Latency and Bandwidth

Two Dimensions of Network Performance

Network performance has two key metrics that are often confused:

Bandwidth vs Latency

Bandwidth (throughput):  How much water the pipe can carry
Latency (delay):         How long for water to reach the other end

┌─────────────────────────────────────────────────────────────┐
│                                                             │
│  High Bandwidth, High Latency (intercontinental fiber):     │
│  ════════════════════════════════════════════▶              │
│        Lots of data, but takes 100ms to arrive              │
│                                                             │
│  Low Bandwidth, Low Latency (local network):                │
│  ══════▶                                                    │
│        Less data, but arrives in 1ms                        │
│                                                             │
└─────────────────────────────────────────────────────────────┘

Latency

Latency is the time delay between sending and receiving data.

Latency Components

Total Latency = Propagation + Transmission + Queuing + Processing

┌────────────────────────────────────────────────────────────────┐
│                                                                │
│  Propagation:   Time for signal to travel (speed of light)    │
│                 ~5 μs per km in fiber                          │
│                                                                │
│  Transmission:  Time to push bits onto wire                    │
│                 = Data size / Bandwidth                        │
│                                                                │
│  Queuing:       Time waiting in router/switch buffers          │
│                 Variable, depends on congestion                │
│                                                                │
│  Processing:    Time for routers to process headers            │
│                 Usually microseconds                           │
│                                                                │
└────────────────────────────────────────────────────────────────┘

Typical Latencies

Path Round-Trip Time (RTT)
Same machine (localhost) < 0.1 ms
Local network (LAN) 0.1 - 1 ms
Same city 1 - 10 ms
Same continent 10 - 50 ms
Cross-continent 50 - 150 ms
Opposite side of globe 150 - 300 ms
Satellite (GEO) 500 - 700 ms

Measuring Latency in Python

import socket
import time

def measure_tcp_latency(host, port, iterations=10):
    """Measure TCP connection latency."""
    latencies = []

    for _ in range(iterations):
        sock = socket.socket(socket.AF_INET, socket.SOCK_STREAM)
        sock.settimeout(5)

        start = time.perf_counter()
        try:
            sock.connect((host, port))
            latency = (time.perf_counter() - start) * 1000
            latencies.append(latency)
        except Exception as e:
            print(f"Error: {e}")
        finally:
            sock.close()

    if latencies:
        avg = sum(latencies) / len(latencies)
        print(f"Average latency to {host}:{port}: {avg:.2f} ms")

    return latencies

# measure_tcp_latency('google.com', 80)

HTTP Latency

import requests
import time

def measure_http_latency(url, iterations=5):
    """Measure HTTP request latency."""
    for _ in range(iterations):
        start = time.perf_counter()
        response = requests.get(url)
        elapsed = (time.perf_counter() - start) * 1000

        print(f"{url}: {elapsed:.0f} ms (status: {response.status_code})")

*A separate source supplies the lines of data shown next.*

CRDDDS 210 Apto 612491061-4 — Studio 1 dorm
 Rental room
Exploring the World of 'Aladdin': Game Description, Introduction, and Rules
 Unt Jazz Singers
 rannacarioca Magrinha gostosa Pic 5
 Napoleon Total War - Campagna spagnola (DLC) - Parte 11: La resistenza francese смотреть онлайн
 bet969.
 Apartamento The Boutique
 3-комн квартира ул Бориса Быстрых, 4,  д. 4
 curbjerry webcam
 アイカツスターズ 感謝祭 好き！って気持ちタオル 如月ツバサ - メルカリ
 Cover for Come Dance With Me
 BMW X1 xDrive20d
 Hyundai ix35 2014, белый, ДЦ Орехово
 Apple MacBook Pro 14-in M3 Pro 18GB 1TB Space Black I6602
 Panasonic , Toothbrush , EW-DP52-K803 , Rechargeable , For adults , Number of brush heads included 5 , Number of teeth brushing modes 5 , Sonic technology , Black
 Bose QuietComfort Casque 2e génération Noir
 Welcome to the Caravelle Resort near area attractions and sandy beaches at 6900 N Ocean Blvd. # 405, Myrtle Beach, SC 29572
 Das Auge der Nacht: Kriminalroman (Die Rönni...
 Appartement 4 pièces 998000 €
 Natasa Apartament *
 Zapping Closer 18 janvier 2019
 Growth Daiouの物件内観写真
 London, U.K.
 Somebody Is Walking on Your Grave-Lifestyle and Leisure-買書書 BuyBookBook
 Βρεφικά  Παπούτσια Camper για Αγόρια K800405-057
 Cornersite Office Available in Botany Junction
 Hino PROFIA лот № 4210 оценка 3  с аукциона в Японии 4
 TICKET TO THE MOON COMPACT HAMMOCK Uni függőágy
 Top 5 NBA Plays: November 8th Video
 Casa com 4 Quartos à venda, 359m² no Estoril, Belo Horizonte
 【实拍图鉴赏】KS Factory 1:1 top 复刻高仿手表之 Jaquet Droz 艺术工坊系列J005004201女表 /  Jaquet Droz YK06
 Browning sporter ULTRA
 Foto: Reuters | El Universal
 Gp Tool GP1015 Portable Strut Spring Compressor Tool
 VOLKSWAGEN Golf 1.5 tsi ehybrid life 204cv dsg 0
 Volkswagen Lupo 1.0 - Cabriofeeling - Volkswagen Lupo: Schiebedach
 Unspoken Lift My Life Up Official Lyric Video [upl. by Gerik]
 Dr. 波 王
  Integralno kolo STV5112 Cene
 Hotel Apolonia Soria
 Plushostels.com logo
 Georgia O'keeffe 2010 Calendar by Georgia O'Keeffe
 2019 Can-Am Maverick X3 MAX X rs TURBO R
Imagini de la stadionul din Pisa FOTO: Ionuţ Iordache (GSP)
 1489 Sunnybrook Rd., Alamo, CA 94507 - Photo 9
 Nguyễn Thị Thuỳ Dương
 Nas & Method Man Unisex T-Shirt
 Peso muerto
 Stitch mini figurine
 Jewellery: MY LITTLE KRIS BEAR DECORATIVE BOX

# measure_http_latency('https://api.github.com')

Bandwidth

Bandwidth is the maximum rate of data transfer.

Bandwidth Units

Bits vs Bytes:

Network speeds in bits:    1 Gbps = 1,000,000,000 bits/second
File sizes in bytes:       1 GB = 1,000,000,000 bytes

Conversion: 1 Gbps = 125 MB/s (divide by 8)

Common confusion:
  "1 Gbps internet" ≠ "1 GB per second downloads"
  "1 Gbps internet" = "125 MB per second" maximum

Typical Bandwidths

Connection Bandwidth Download 1 GB
4G LTE 50 Mbps ~3 minutes
Home cable 100 Mbps ~80 seconds
Gigabit fiber 1 Gbps ~8 seconds
10 GbE 10 Gbps <1 second
Datacenter 100 Gbps ~0.1 second

Measuring Bandwidth

import requests
import time

def measure_download_bandwidth(url, size_mb=10):
    """Measure download bandwidth."""
    # Use a test file of known size
    start = time.perf_counter()
    response = requests.get(url, stream=True)

    total_bytes = 0
    for chunk in response.iter_content(chunk_size=8192):
        total_bytes += len(chunk)

    elapsed = time.perf_counter() - start
    bandwidth_mbps = (total_bytes * 8) / elapsed / 1_000_000
    bandwidth_mbs = total_bytes / elapsed / 1_000_000

    print(f"Downloaded: {total_bytes / 1_000_000:.1f} MB")
    print(f"Time: {elapsed:.2f} seconds")
    print(f"Bandwidth: {bandwidth_mbps:.1f} Mbps ({bandwidth_mbs:.1f} MB/s)")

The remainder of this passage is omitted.